Up to four American astronauts plan to vote in the general election as they realize the significance of this moment. They’ve decided to vote during the general election from the outer hemisphere – continuing the longstanding tradition of people casting votes from space.


The first astronaut to cast in her vote at the ISS is Kate Rubins. She’ll be launching on a Russian Soyuz rocket on the 14th of October with two Russian cosmonauts.


She says that it is highly important for people to vote. If people can vote from the space then folks can do it too from the ground.


Rubins will be followed by Mike Hopkins, Viktor Glover, and Shannon Walker – currently, on the second flight of SpaceX’s Crew Dragon, they’ll be catching up with her at the ISS on the 31st of October. A Japanese astronaut Soichi Noguchi will be in their company as well. They all plan to vote from the orbit this year.


This will be the second time that Walker will be voting from the orbit. She did it the first time during her International Space Station trip back in 2010.


She says that all of them are going to vote from the space. She says that NASA goes well with various election organizations as we all vote in various counties. 


Contrary to popular belief, casting a ballot from space is a fairly straightforward process.
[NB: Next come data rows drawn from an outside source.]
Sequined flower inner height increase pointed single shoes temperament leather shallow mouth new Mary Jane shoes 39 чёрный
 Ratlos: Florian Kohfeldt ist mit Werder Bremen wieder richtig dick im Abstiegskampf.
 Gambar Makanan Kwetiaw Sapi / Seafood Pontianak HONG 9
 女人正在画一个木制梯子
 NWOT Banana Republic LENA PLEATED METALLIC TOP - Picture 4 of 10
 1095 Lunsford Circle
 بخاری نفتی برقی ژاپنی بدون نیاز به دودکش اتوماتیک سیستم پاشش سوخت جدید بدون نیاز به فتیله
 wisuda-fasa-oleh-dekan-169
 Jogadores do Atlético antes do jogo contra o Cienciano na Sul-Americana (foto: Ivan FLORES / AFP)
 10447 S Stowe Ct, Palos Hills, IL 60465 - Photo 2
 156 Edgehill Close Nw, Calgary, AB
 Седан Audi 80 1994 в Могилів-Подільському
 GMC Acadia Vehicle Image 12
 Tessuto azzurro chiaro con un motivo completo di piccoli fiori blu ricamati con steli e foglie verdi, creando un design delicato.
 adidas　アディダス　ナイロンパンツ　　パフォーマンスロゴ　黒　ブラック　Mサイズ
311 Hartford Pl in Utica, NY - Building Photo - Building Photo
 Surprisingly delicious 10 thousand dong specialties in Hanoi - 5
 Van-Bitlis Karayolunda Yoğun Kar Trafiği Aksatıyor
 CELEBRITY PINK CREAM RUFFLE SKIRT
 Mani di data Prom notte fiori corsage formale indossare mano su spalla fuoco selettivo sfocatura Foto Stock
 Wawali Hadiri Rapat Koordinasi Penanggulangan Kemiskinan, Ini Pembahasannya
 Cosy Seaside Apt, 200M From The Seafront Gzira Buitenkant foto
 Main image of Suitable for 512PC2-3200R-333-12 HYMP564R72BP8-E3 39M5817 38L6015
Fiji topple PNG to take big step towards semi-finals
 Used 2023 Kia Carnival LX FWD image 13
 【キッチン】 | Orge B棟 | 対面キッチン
There’s been a continuous human presence on the International Space Station for the past two decades all thanks to NASA and its consistent efforts.


So basically, before they take off, NASA astronauts are asked to fill out a Federal Post Card Application – the same form that military members use in case of absence due to deployment during the election.


If it’s approved, the county clerks overseeing the election within each applicant’s home counties send out test ballots to NASA. The agency also checks whether or not the ballots can be filled in space. If confirmed, the NASA’s Mission Control Center emails them ballots on the Election Day.


The rest of the process is as usual.


Of course, the process may be simple but nothing about voting from space is ordinary. Whether you’re in space or in the USA, you know that this year specifically has been a rough year for Americans, thus the SpaceX’s Crew Dragon is aptly named Resilience.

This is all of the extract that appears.